Researchers are now desperately looking for funding to develop their work and carry out a clinical trial. Peter Warn from the University's Faculty of Medicine who worked on the research said: "We believe that our discovery could revolutionise the fight to combat MRSA and other 'super bugs', but we need to carry out a trial and to do that we need a small amount of funding - around £30,000.
"We are having problems finding this funding because essential oils cannot be patented as they are naturally occurring, so few drug companies are interested in our work as they do not see it as commercially viable. Obviously, we find this very frustrating as we believe our findings could help to stamp out MRSA and save lives," added Peter, who is based at Hope Hospital.
Essential oils are chemical compounds found within aromatic plants, which the plants use to fight off infections. Researchers tested 40 essential oils against ten of the most deadly bacteria and fungi. Two of these oils killed MRSA and E. coli almost instantly, while a third was shown to act over a longer period of time, meaning that any soaps or shampoos made by blending these three oils would be effective over a period of time.
Jacqui Stringer who is Clinical Lead of Complementary Therapies at the Christie Hospital instigated the research and said: "The use of plants in medicine is nothing new but some people regard the use of essential oils as unconventional. Our research shows a very practical application which could be of enormous benefit to the NHS and its patients.
"The reason essential oils are so effective is because they are made up of a complex mixture of chemical compounds which the MRSA and other super bug bacteria finds difficult to resist. The problem with current treatments is that they are made of single compounds which MRSA relatively quickly becomes resistant to, so treatment is only successful in around 50% of cases.
"While a wide range of products currently exist to help prevent the spread of MRSA these are often unpleasant for patients as their application can cause skin irritation.

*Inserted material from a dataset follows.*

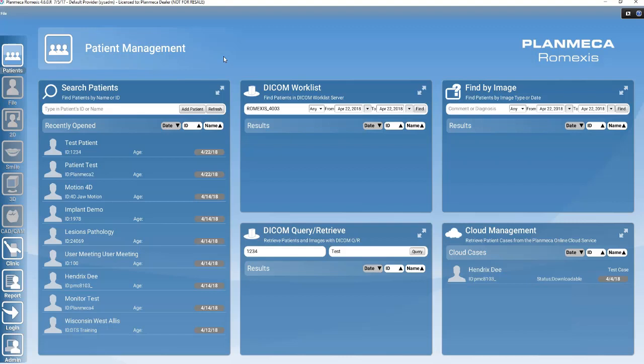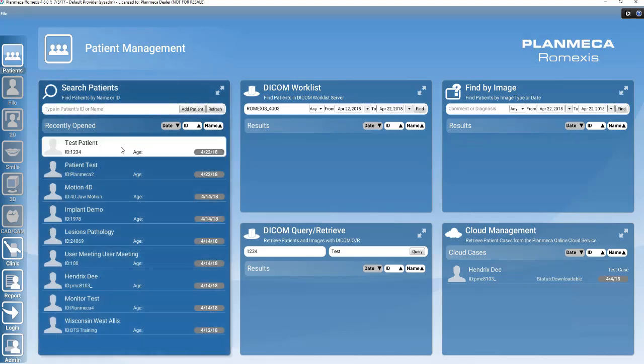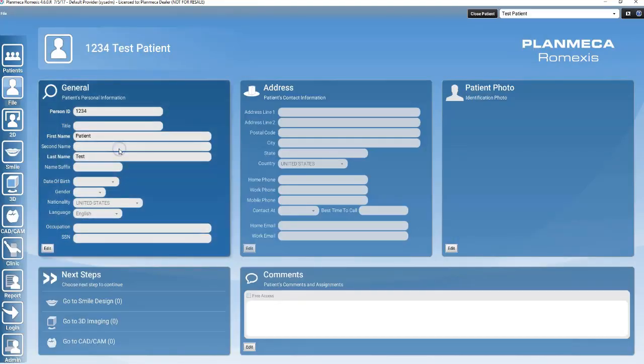Romexis allows users to import cases using an STL file format. To import a case in this format, follow these simple steps. Open up the patient's file or create a new patient file. Once the patient has been opened or created, enter the CAD-CAM module.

MRSA is often carried inside the nose which means that patients often have to insert treatments up their nostrils, whereas these essential oils can simply be inhaled to prevent the patient being at risk," added Jacqui.

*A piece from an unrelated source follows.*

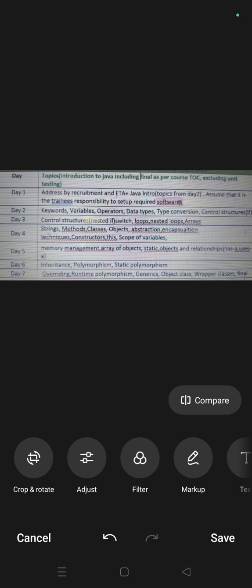It starts with software installation and all, after that you have keywords, variables, operators, data types, type conversion, control structures.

Jacqui works with leukaemia patients at the Christie Hospital using essential oils to help in their treatment. Patients receiving treatment for cancer and leukaemia are often left with weakened immune systems which makes them vulnerable to infection from MRSA. The National Audit Office estimates that infections such as MRSA kill 5,000 people each year and hospital-acquired infections cost the NHS around £1 billion a year.